Multilabel classification using LLMs

I needed to know what’s the best way to finetune LLM models for multiclass classification tasks where there are more than 100 classes. I assume that ‘Text Generation’ is the main functionality of these LLMs and most of the coding examples and documentations show the ‘Text Generation’ as the example only.

I know that I can generate those labels by finetuning these ‘Text Generation’ models on my dataset, but this will only train the LLMs on the labels that are present in the train dataset and still there are labels which are missing from my train dataset. The ideal scenario would be to have datasets for all the classes in my train dataset but it’s not the case as of now. Also, there might be instances where these text generation models would generate new classes of their own which doesn’t exist at all.

I have seen on HF that there are model classes of these LLMs like ‘LlamaforSequenceClassification’ with sequence classification heads but haven’t found any example of their implementation.

I know that BERT models are used for the Sequence Classification tasks but can I do it using any of the LLMs? If possible, please share any example for the same.

Below I attach an example of multilabel classification with an LLM model.

Thank you for your reply. I wanted to know if I can use the LLMs like Llama2, Mistal, Phi2 (Decoder only models) for text classification just like you did here with BERT (which is an encoder model).

In the Llama2 documentation on HF, they have mentioned a class -

But I am not sure how to utilize this class for sequence classification purpose.

I have used Mistral for NER which is a word level classification task. I used RAG to retrieve similar queries (and their labels) and show the decoder model what I expect the output to be. You can then pass the query and it should classify it according to the examples you have shown it.

I will say while this works…it is certainly more native to do this with and encoder like BERT.

If non-LLM approaches suit you, you could consider Annif, see the demo at

Annif is developed for extreme multilabel classification of texts, so it is most suitable if there are thousands or tens of thousands labels to choose from.

but this will only train the LLMs on the labels that are present in the train dataset and still there are labels which are missing from my train dataset.

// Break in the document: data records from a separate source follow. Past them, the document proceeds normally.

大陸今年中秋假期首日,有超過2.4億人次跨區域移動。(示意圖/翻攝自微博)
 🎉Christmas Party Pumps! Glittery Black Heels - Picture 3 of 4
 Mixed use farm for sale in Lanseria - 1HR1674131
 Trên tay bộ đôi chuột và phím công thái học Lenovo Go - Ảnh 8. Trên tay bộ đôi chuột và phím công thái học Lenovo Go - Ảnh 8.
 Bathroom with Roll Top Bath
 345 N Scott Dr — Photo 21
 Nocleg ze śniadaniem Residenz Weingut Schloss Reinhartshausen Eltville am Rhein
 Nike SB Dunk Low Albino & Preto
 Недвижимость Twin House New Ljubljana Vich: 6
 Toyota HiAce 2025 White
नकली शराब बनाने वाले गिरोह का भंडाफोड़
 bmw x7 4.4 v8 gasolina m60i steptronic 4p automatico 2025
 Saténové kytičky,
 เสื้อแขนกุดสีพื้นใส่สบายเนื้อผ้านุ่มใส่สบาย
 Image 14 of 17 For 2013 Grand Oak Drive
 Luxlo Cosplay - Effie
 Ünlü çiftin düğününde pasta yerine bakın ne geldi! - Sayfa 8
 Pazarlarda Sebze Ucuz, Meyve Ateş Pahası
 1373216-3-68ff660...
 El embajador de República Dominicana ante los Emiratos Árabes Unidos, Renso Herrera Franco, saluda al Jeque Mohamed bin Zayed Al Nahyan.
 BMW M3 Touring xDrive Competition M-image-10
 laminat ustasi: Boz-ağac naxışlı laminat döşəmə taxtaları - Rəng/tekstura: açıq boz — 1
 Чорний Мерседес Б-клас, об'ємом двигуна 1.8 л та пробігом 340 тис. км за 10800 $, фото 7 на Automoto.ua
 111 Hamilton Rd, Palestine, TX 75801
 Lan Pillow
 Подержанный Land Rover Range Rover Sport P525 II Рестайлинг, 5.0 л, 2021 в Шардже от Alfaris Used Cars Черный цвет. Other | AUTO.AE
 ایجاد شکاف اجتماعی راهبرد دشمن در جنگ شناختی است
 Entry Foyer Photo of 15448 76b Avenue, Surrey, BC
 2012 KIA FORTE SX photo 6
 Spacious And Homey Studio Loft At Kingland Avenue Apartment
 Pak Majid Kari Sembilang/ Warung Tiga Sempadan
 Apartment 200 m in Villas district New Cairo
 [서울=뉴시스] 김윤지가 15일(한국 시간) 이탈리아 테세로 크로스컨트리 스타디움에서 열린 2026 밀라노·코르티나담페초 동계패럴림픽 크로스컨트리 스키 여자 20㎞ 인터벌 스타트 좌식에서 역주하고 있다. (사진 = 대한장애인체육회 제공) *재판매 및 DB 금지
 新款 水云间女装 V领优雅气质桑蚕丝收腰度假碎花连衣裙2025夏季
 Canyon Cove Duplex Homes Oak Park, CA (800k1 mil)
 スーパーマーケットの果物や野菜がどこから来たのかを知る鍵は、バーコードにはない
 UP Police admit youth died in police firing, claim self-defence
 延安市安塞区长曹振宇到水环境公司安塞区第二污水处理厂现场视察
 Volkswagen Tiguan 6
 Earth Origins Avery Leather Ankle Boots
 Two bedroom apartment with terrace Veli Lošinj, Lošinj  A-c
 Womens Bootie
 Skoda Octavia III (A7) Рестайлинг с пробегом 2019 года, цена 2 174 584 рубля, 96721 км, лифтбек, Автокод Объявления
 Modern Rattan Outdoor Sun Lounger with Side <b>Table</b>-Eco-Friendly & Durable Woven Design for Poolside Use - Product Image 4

Annif utilizes two kinds of algorithms in its backends: associative and lexical. An associative algorithm suggests only the labels it has seen on its training set, whereas a lexical algorithm can suggest any label from the vocabulary, because it learns features on based on word positions etc. See Backend: MLLM · NatLibFi/Annif Wiki · GitHub for more details.

(That said, Annif could in future use some LLM or BERT for well-performing zero-shot analysis, which is why I’m interested in these topics.)

You can utilise a decoder-only model like LlamaForSequenceClassification like in the link above. If HuggingFace has created a sequence classification class, you can use it like above.

Thank you, I will try Annif and see if this helps for my use case.

I guess that using RAG for text classification would not generate most accurate predictions as compared to fine tuning the LLM on my dataset.

I will figure this out and will post here if it works or not.